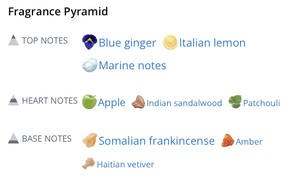 Gissah La Luna Valley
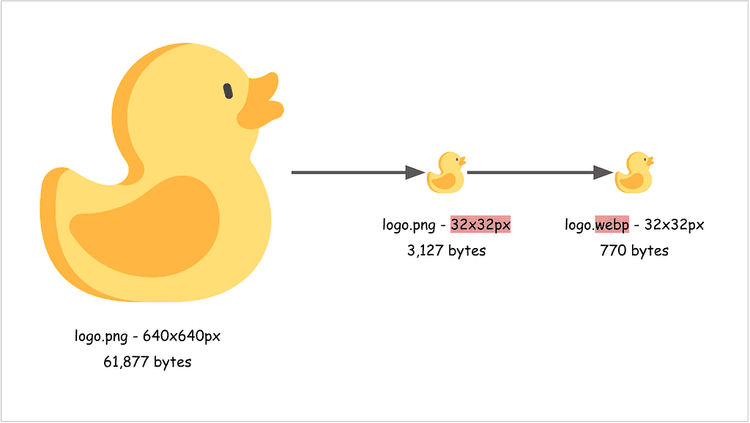 [SEO] โหลด web ไวแสงด้วย webp file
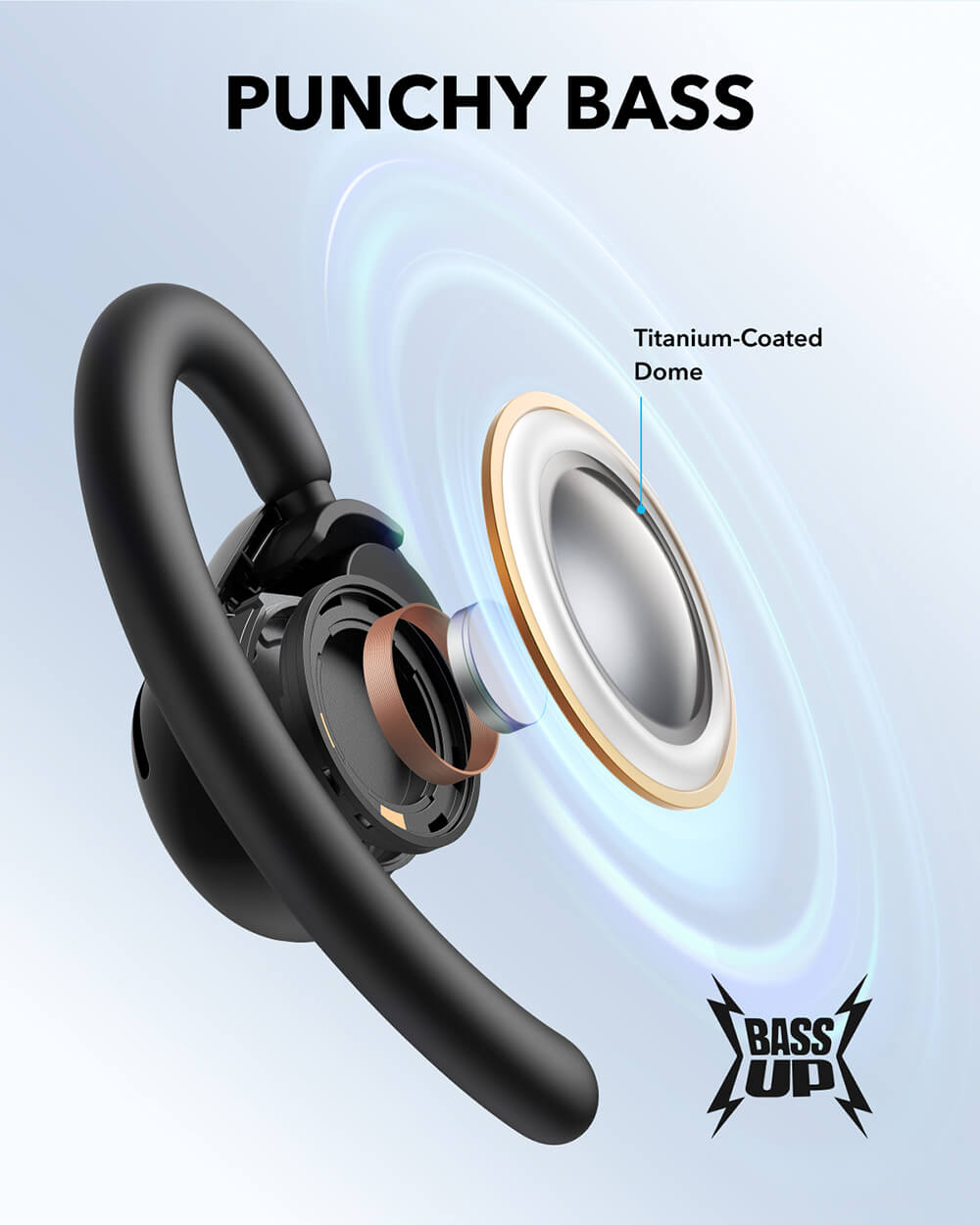 Anker slušalke Soundcore V20i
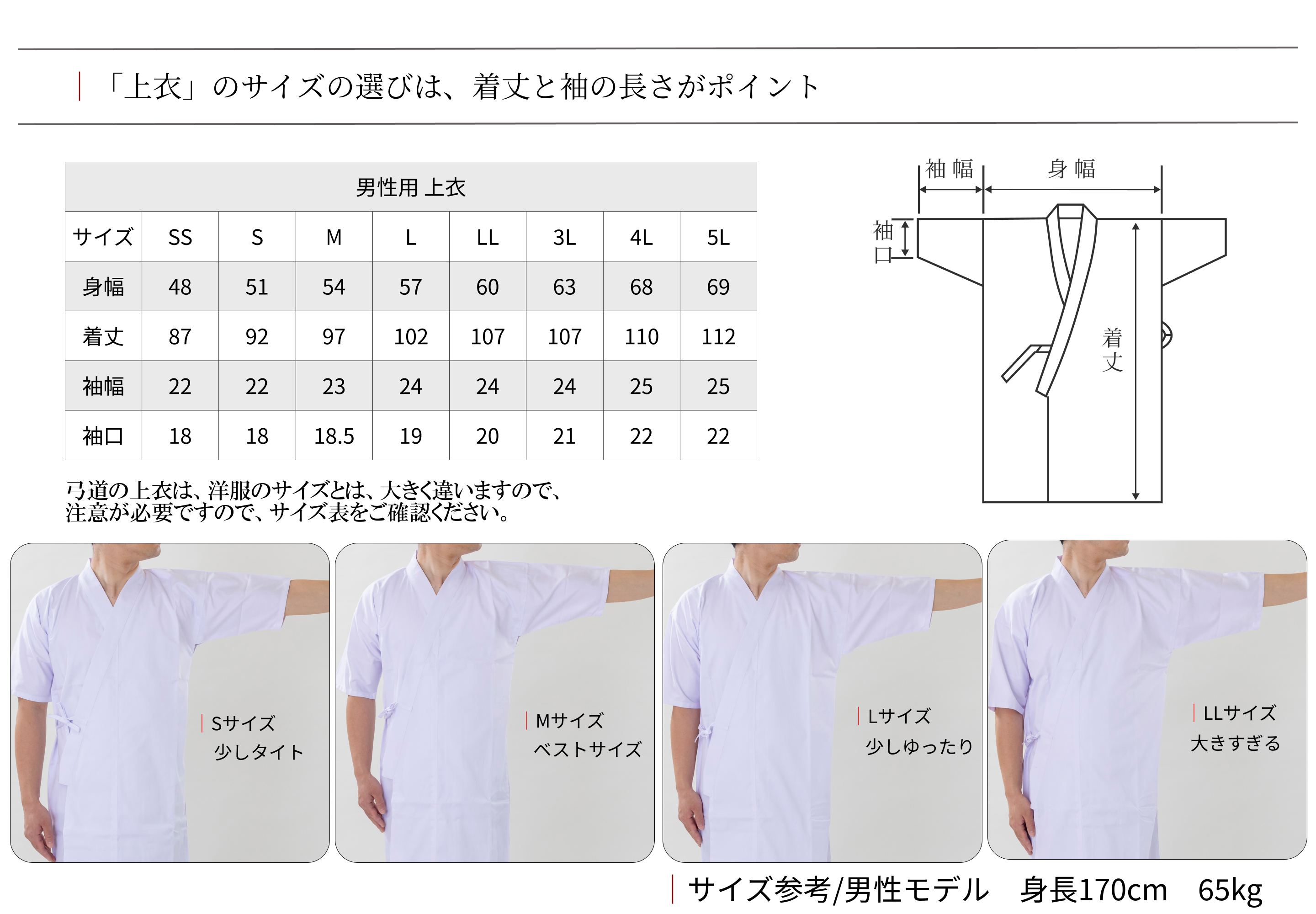 line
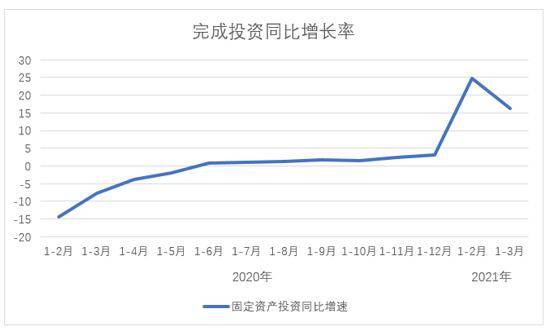 2021年1季度长乐区gdp_深圳2021年一季度10 1区GDP排名来了 各区重点片区及项目曝光(3)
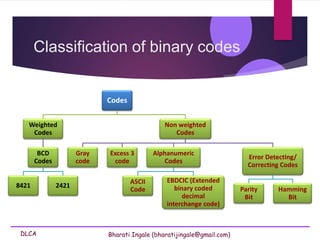 DLCA Bharati Ingale (bharatijingale@gmail.com)
Classification of binary codes
Codes
Weighted
Codes
BCD
Codes
8421 2421
Non weighted
Codes
Gray
code
Excess 3
code
Alphanumeric
Codes
ASCII
Code
EBDCIC (Extended
binary coded
decimal
interchange code)
Error Detecting/
Correcting Codes
Parity
Bit
Hamming
Bit
 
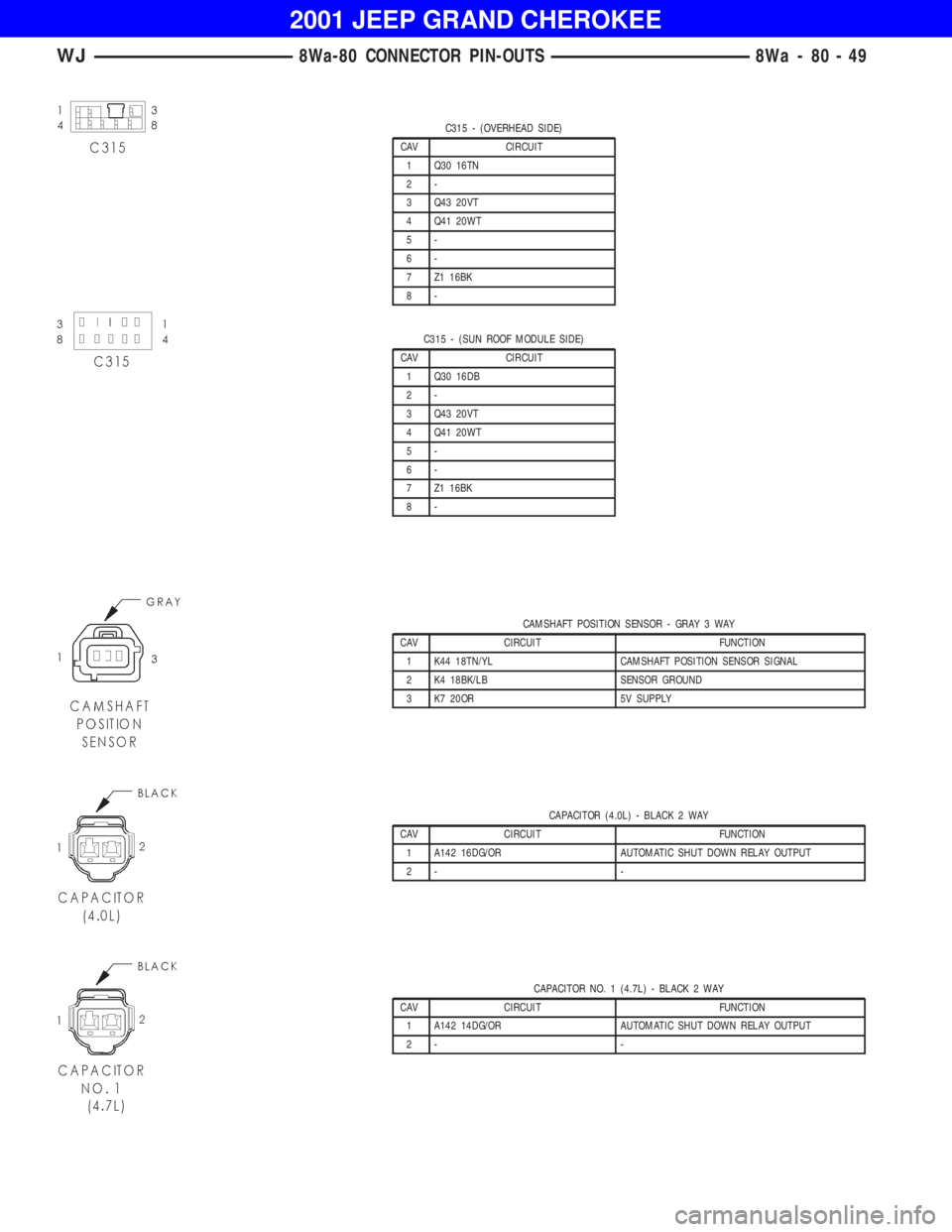 JEEP GRAND CHEROKEE 2001  Owners Manual C315 - (SUN ROOF MODULE SIDE)
CAV CIRCUIT
1 Q30 16DB
2-
3 Q43 20VT
4 Q41 20WT
5-
6-
7 Z1 16BK
8-
CAMSHAFT POSITION SENSOR - GRAY 3 WAY
CAV CIRCUIT FUNCTION
1 K44 18TN/YL CAMSHAFT POSITION SENSOR SIGNA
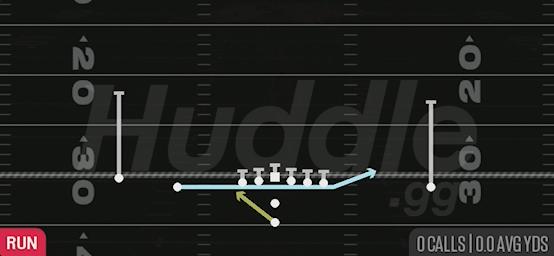 JET INSIDE ZONE - Pistol Doubles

**********

**Exercise brief:**
A copy of each line above that holds the word "POSITION" is the expected answer.

**Answer:**
CAMSHAFT POSITION SENSOR - GRAY 3 WAY
1 K44 18TN/YL CAMSHAFT POSITION SENSOR SIGNA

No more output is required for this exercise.